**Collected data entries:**
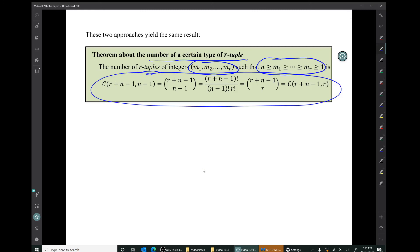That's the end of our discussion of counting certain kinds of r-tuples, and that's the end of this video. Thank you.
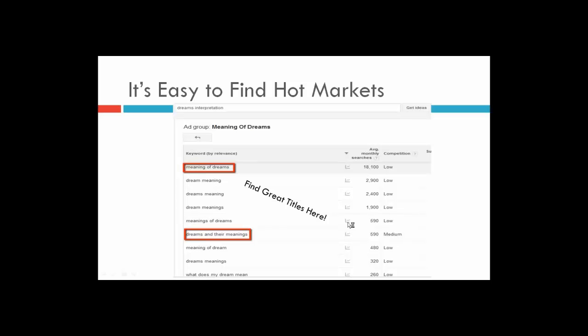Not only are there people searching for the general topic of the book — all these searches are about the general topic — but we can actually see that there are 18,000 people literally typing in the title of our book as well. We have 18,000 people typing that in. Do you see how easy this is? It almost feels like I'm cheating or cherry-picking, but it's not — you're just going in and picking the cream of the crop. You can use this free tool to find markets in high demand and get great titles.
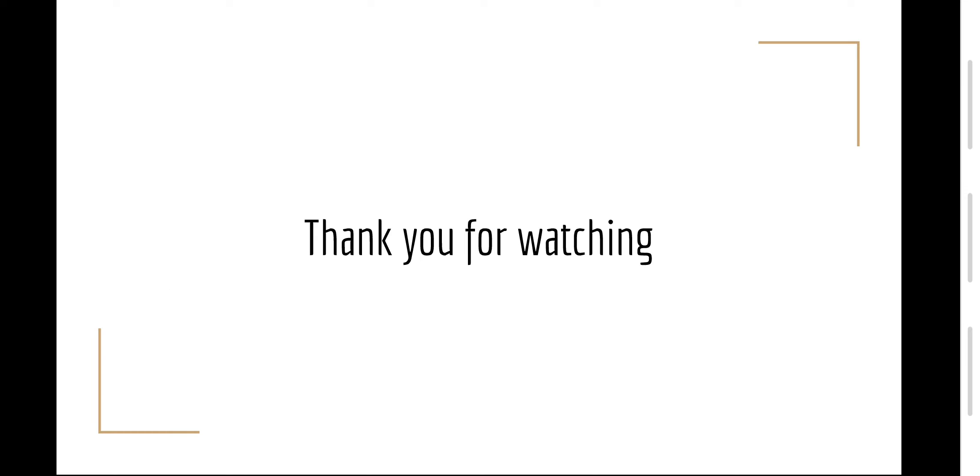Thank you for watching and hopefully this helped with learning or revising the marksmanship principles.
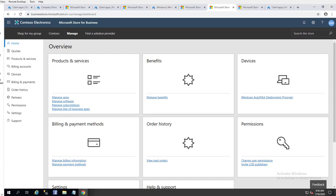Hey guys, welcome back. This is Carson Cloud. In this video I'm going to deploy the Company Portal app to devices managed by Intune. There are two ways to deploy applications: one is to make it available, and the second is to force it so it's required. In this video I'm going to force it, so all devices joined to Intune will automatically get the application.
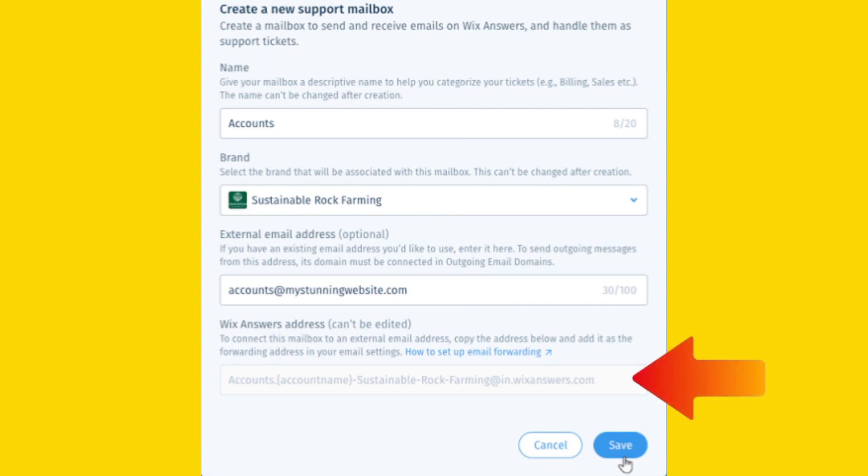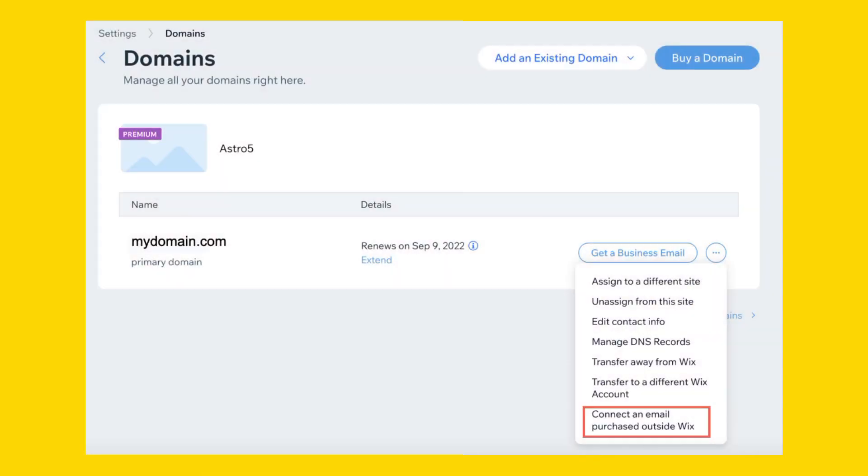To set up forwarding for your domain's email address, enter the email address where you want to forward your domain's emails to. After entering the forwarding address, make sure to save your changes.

**AIM OF THE EXERCISE:** Output, exactly and only, the lines beginning with the one that contains "Hey guys, welcome" and ending at the last line of the records above. Drop the pictures.

**PROBLEM SOLUTION:**
Hey guys, welcome back. This is Carson Cloud. In this video I'm going to deploy the Company Portal app to devices managed by Intune. There are two ways to deploy applications: one is to make it available, and the second is to force it so it's required. In this video I'm going to force it, so all devices joined to Intune will automatically get the application.
To set up forwarding for your domain's email address, enter the email address where you want to forward your domain's emails to. After entering the forwarding address, make sure to save your changes.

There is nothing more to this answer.